• _Problem requirements_: Transcribe all the entries word for word, omitting any pictures they contain.
--- Data for processing ---
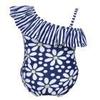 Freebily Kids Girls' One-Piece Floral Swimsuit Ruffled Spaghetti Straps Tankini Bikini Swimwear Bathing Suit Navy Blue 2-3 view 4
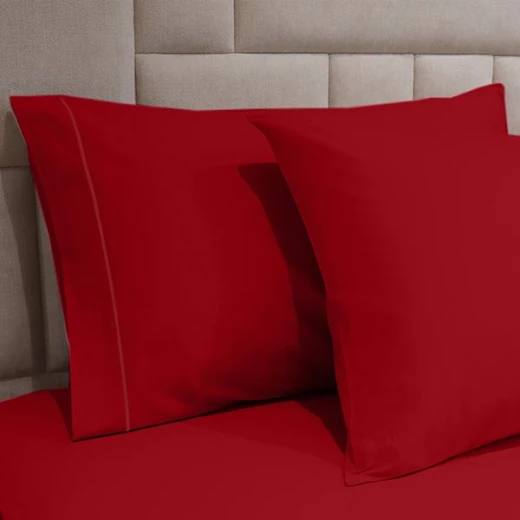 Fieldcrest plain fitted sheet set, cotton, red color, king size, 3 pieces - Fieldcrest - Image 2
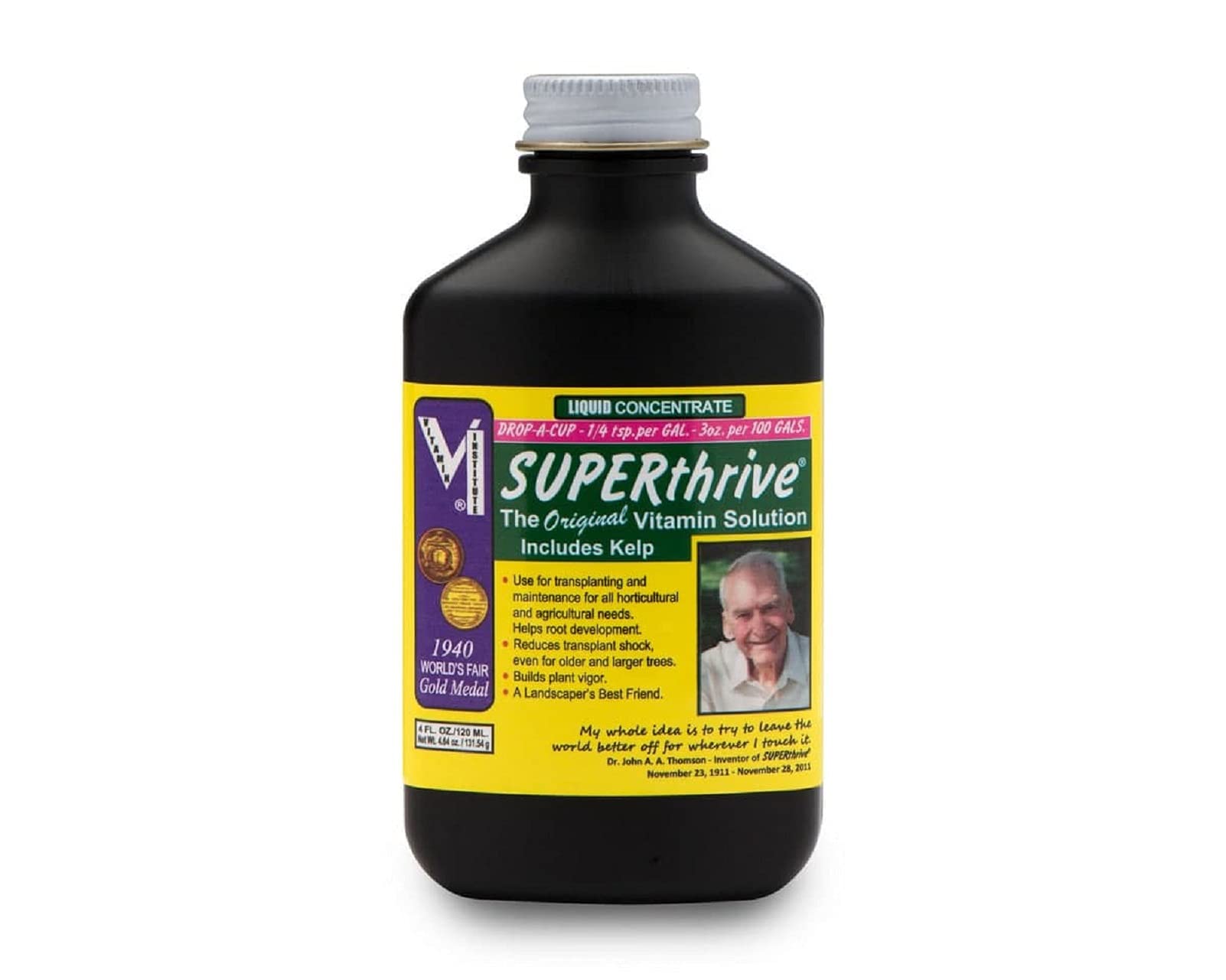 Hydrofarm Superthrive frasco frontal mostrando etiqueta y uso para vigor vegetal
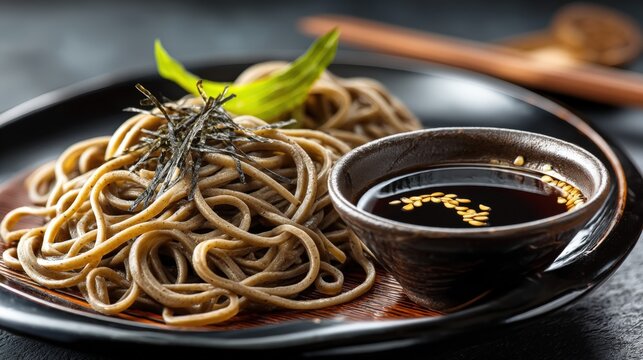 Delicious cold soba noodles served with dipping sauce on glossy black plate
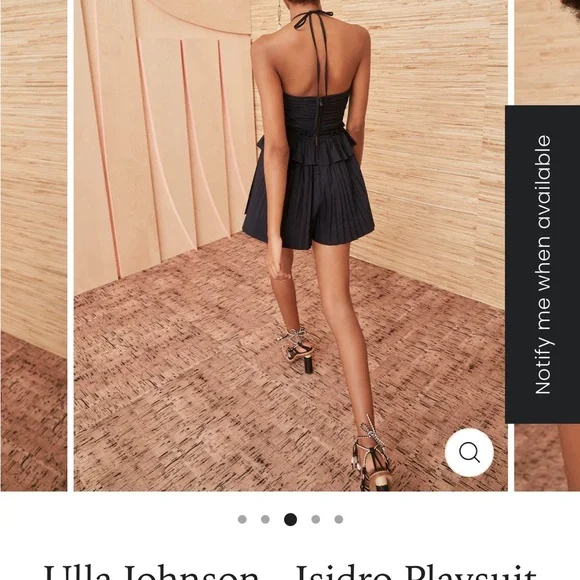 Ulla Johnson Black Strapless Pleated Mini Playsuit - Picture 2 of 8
---
• _Your response_:
 Freebily Kids Girls' One-Piece Floral Swimsuit Ruffled Spaghetti Straps Tankini Bikini Swimwear Bathing Suit Navy Blue 2-3 view 4
 Fieldcrest plain fitted sheet set, cotton, red color, king size, 3 pieces - Fieldcrest - Image 2
 Hydrofarm Superthrive frasco frontal mostrando etiqueta y uso para vigor vegetal
 Delicious cold soba noodles served with dipping sauce on glossy black plate
 Ulla Johnson Black Strapless Pleated Mini Playsuit - Picture 2 of 8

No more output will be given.